Random variable $Y$ has a density function $p_0$ and the following integral is calculated:
$$\Theta=\int_{\{y:\,l(y)\leq t\}} p_1(y)\mathrm{d}y=\int_{\{y:\,l(y)\leq t\}} \frac{p_1(y)}{p_0(y)}p_0(y)\mathrm{d}y=\int_{\{y:\,l(y)\leq t\}} l(y)p_0(y)\mathrm{d}y=E_{P_0}[l(Y)|l\leq t]$$
I read in a course material that if one makes the the change of variable as $x=l(y)$, then the same integral can be written as
$$\Theta=\int_{0}^t x p_{l}(x)\mathrm{d}x=E_{P_l}[l|l\leq t]$$
where $p_l$ is the density of the random variable $l(Y)$. Remember that $Y$ is distributed as $P_0$, which accepts the density $p_0$.
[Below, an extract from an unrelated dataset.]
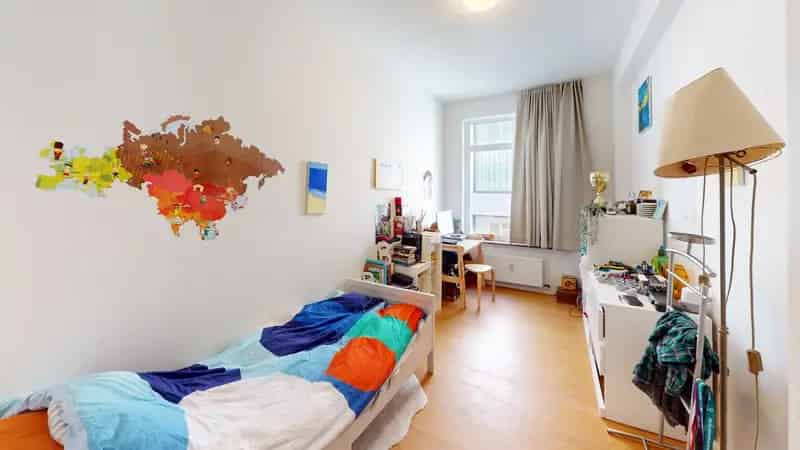 Antwerpen Markgrave: Ruim 3 Slaapkamer Appartement met Garage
The question is how to show that indeed $$E_{P_0}[l(Y)|l\leq t]=E_{P_l}[l|l\leq t]$$
Supplementary information (if necessary):
I tried to show this with no success. What I know is the following:
$$\Theta^{'}=\int_{\{y:\,l(y)\geq t\}} p_0(y)\mathrm{d}y=\int_{t}^\infty p_l(x)\mathrm{d}x$$
where again $p_l$ is the density of $l(Y)$, when $Y\sim P_0$. In a similar way and now assuming that $p_l$ is the density of $l(Y)$, when $Y\sim P_1$, one can also write
$$\Theta^{''}=\int_{\{y:\,l(y)\leq t\}} p_1(y)\mathrm{d}y=\int_{0}^t p_l(x)\mathrm{d}x$$
We need $p_l$ to be such a function that the change of variable transformation is: $$p_0(y)= p_l(l(y))\;\left\lvert \frac{\operatorname d l(y)}{\operatorname d y}\right\rvert$$
So $$\begin{align} \int_{\{y:0\leq l(y)\leq t\}} l(y)\,p_0(y)\operatorname d y & = \int_{\{y|0\leq l(y)\leq t\}} l(y)\; p_l(l(y))\;\left\lvert \frac{\operatorname d l(y)}{\operatorname d y}\right\rvert\;\operatorname d y \\ & = \int_0^t x\; p_l(x)\operatorname d x \end{align}$$